Friday, June 03, 2005

Can the State Constitutionaly Regulate Fraudulent Inducement to Associate?

Ian Ayres

Lots of people responded that requiring a private conversation between a discriminatory organization and its potential members would unconstitutionally chill the associational rights.

But this ignores the unavoidable default nature of speech/silence. Our contractual silences always have some default meaning. Right now in New Jersey, if a private organization remains silent about discrimination when speaking to its members, this means they retain the option of discriminating on the basis of sexual orientation. There is no constitutional reason why the New Jersey legislature can't flip this default. They could ordain that private organizations that fail to privately disclose (and obtain acknowledgements about) their policies that are in derogation of general civil rights restrictions will be deemed to accept those restrictions.

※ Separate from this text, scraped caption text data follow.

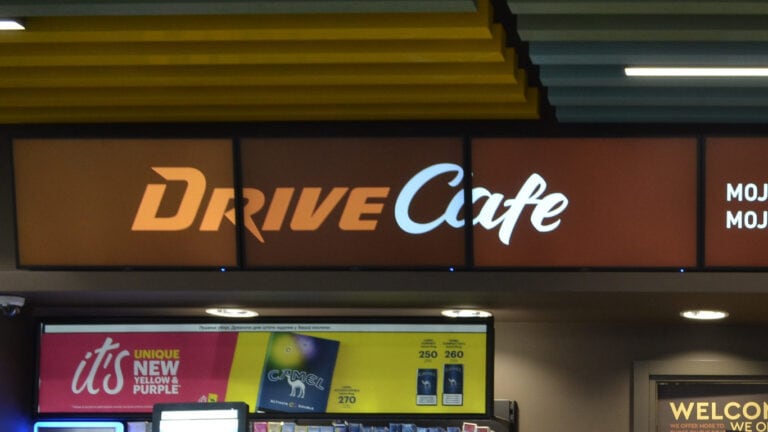 LCD-ekrani-drive-cafe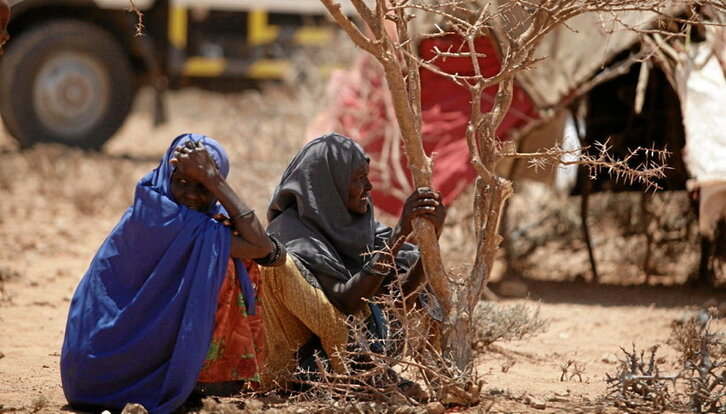 Somalilandiako Dhanaano herrixkan ur eta elikagai eske bertaratutakoak hartzeko kanpamentua.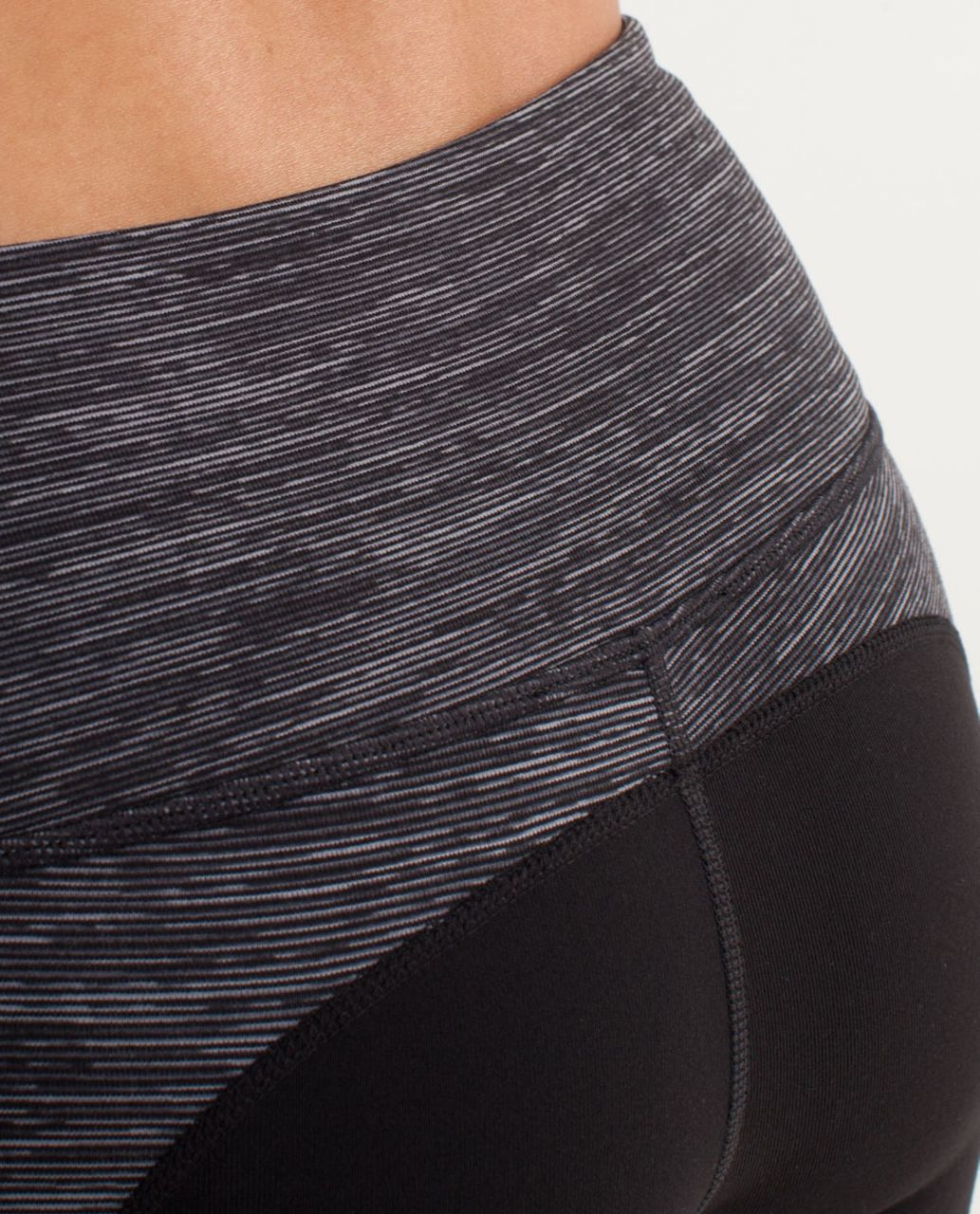 Lululemon Polocrosse Crop - Wee Are From Space Black Combo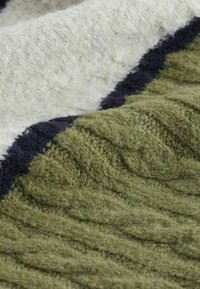 Next Pulover - khaki green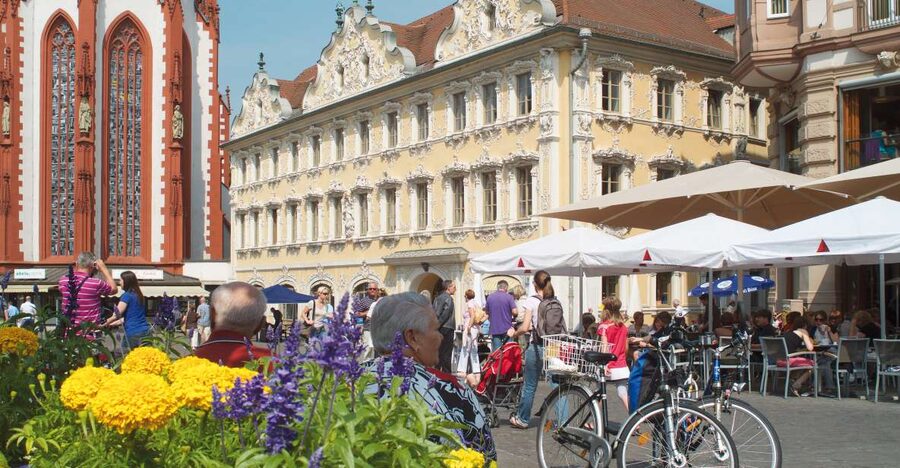 Würzburg: Guided Walking Tour - Starting beneath the Falkenhaus facade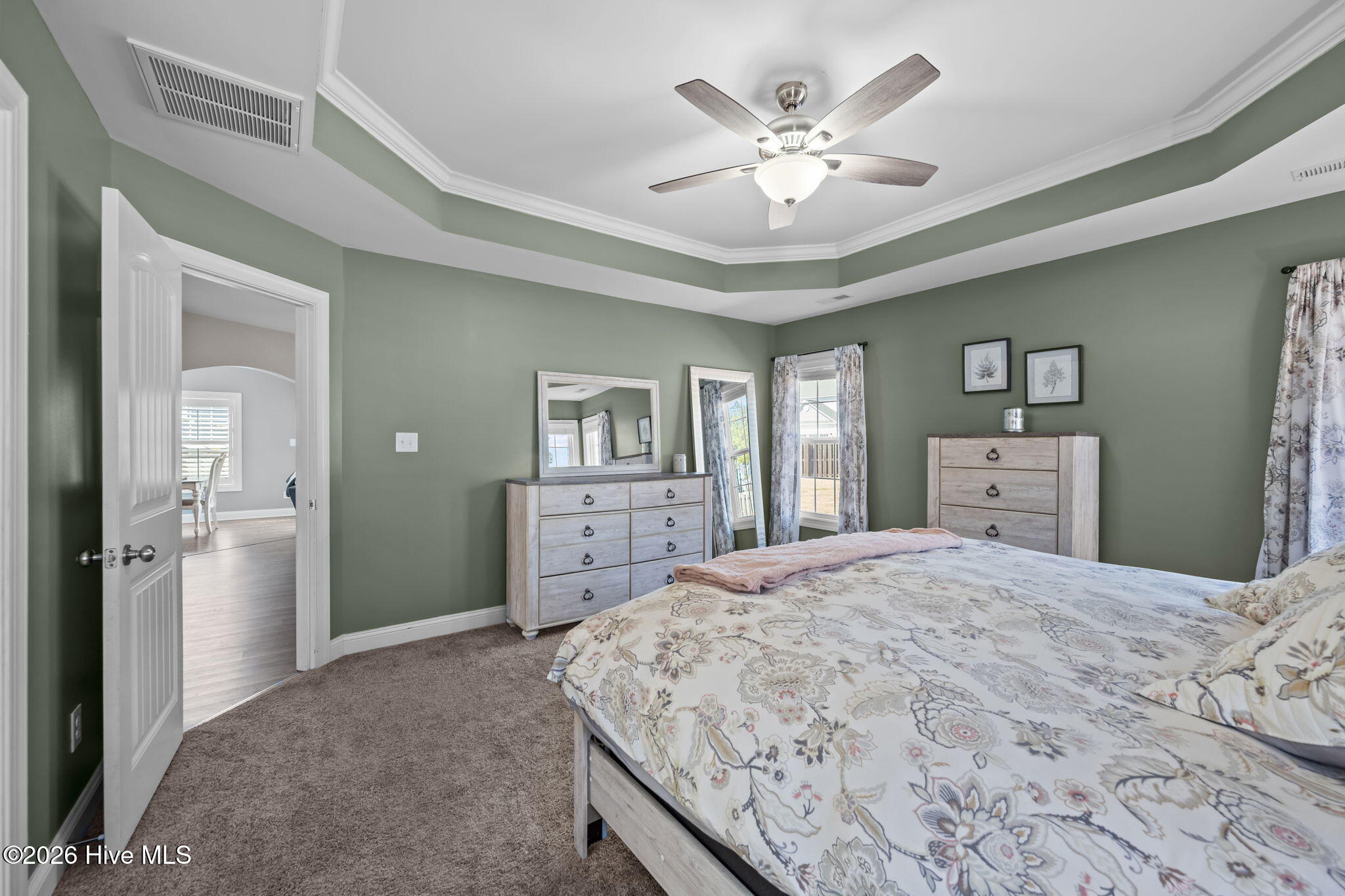 100557396 | Photo 19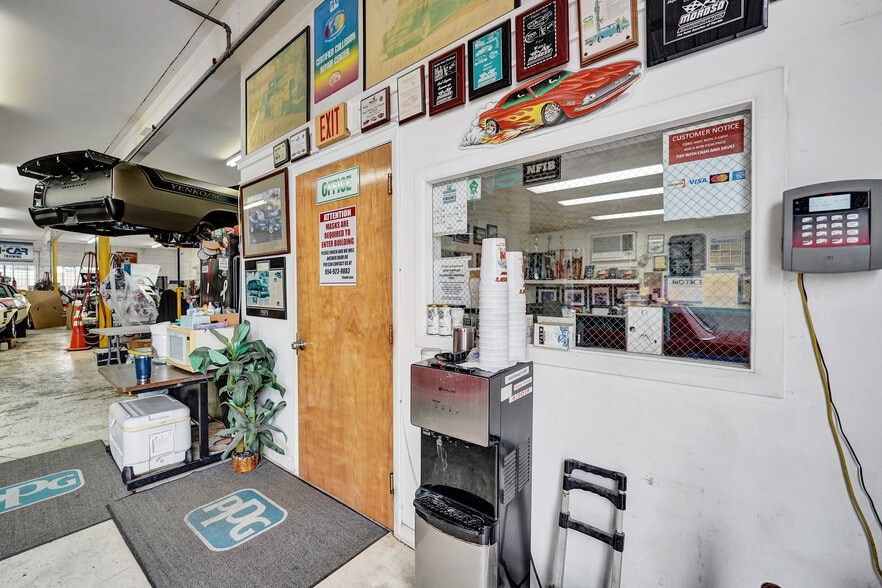 More Photos Of 121 SE 1st Ave, Dania Beach Auto Repair For Lease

Either silence on the topic means that the organization retains the right to discriminate or they don't. Either default burdens associational rights in the sense that it forces orgs that want the opposite treatment to speak. The current (discrim allowed) default burdens the associational rights of groups that don't want to discrim because they are forced to speak to get what they want. So at first cut the Constitution doesn't have a way to prefer one vs. the other. But here are two arguments for switching to the non-discrim default. 1. Most orgs prefer non. discrim default so as an empirical matter we are forcing less speech; and 2. The non-discrim default is consonant with a state law of general application -- so that we are only forcing orgs that want rights in derrogation of general state policy to speak.

There is however a continuing concern that our in camera review mechanism may fail and that the public would learn the names of members. One commentator chillingly asked: "Have you forgotten that the membership records kept by gay organizations during the Weimar era were seized by the Nazis when they came to power, and used to help round up homosexuals?"This is an important concern. And maybe we should back away from even in camera review. Readers of this blog know that information tends to find ways to be set free. So imagine two different ways to induce the private conversation between the boy scouts and its potential members:1. If sued an organization would have a duty to prove by a preponderance of the evidence that it had a general policy of disclosing its policy to prospective members and receiving their written acknowledgements. They would not have to retain the acknolwedgements. The organization might be able to establish the general policy through testimony and it might be rebutted by counter testimony.
2. The state might create an action for "fraudulent inducement to associate." This might be a private right of action for people who were induced to join an organization without ever being told that it discriminated. Besides the victims of discrimination, there are people like myself who feel injured by learning that we unwittingly associated with a discriminatory organization.

It might even be constitutional to hold a church liable for fraudulently inducing membership Didn't Hakeem Olajuwon unwittingly give to a mosque that was supporting terror? A central idea here is that we have constitutional pricniples on both sides of the question.

Comments:

And maybe Yale and Harvard should be required to include in each and every one of their endless solicitations of alumni donations a bold face statement that they discriminate against military recruiters. Don't expect the author to endorse this sort of diclosure.
 

T. Gracchus's argument makes a good point that the two defaults are asymmetric with regard to potential legal liability. But they are symmetric with regard to the issue of informed assoication itself. The current default burdens people who want to associate with non-discriminatory organizations, because it forces these people to have to listen to or elicit a conversation about whether the organization has a non-discrimination policy. As a theoreticaly matter, this might chill some association just as much as the reverse default might chill association. Gracchus says -- "Organizations that do not wish to discriminate need not say anything at all beyond ordinary organizational speech" But this is not true if the organization wants to gain participation of people who care strongly about equality. The current default forces an "Ask/Tell regime" where either the equality minded member must ask or the organizationt trying to win thier association must tell.